On April 20, 2020, the U.S. Supreme Court ruled that juries nationwide must be unanimous to convict or acquit a criminal defendant.
Split verdicts were hallmarks of states like Louisiana where lawmakers inserted them in the state Constitution during the Jim Crow era.
The decision was 6-3 and crossed ideological lines. The court ruled that the Sixth Amendment’s right to a jury trial has an implicit requirement for a unanimous verdict.
The previously recognized requirement for jury consensus in federal courtrooms equally applies to state courts in accordance to the 14th amendment.
Because of this decision, Evangelista Ramos of New Orleans, who was serving a life sentence after receiving a murder conviction in a 10-2 verdict. This decision will immediately affect numerous criminal convictions and hundreds of felony prosecutions in Louisiana and Oregon. The aforementioned states are the only ones in the country to establish non-unanimous jury verdicts — in 1898 and 1934, respectively.
Louisianans voted in 2018 to repeal the practice, resoundingly approving an amendment to the state constitution requiring unanimous verdicts for future cases.
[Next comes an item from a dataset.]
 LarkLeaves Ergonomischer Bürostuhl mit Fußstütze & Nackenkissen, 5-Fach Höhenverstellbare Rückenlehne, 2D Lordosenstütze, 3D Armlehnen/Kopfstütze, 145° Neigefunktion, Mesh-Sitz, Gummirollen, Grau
Thanks to this ruling, as many 100 Louisiana inmates, such as Ramos, will have new trials. Said inmates were convicted by split juries and have not used up all their appeals, according to accounts from defense advocates. This means that all verdicts must be unanimous moving forward. The 2019 amendment only applied to trials dealing with crimes that took place after January 1, 2019.
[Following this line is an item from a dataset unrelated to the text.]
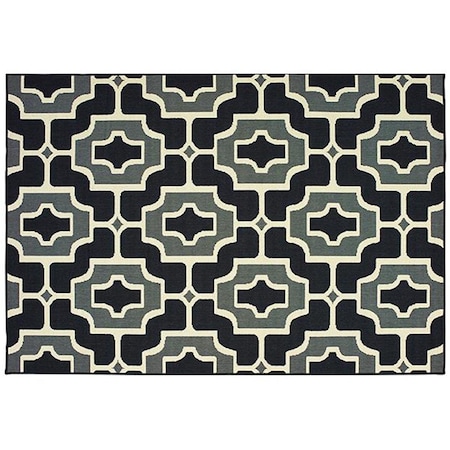 Oriental Weavers Marina Indoor Outdoor Outdoor Geometric Rectangle Area Rug, Black - 7 ft. 10 in. x 10 ft. 10 in. M1491Z240330ST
In the majority opinion, Gorsuch — arguably Trump’s best Supreme Court nominee — stated the following:
“Wherever we might look to determine what the term ‘trial by an impartial jury trial’ meant at the time of the Sixth Amendment’s adoption — whether it’s the common law, state practices in the founding era, or opinions and treatises written soon afterward — the answer is unmistakable. A jury must reach a unanimous verdict in order to convict.”
With a conservative Supreme Court, America can expect future judicial decisions that promote the rule of law and keep judicial activism at bay.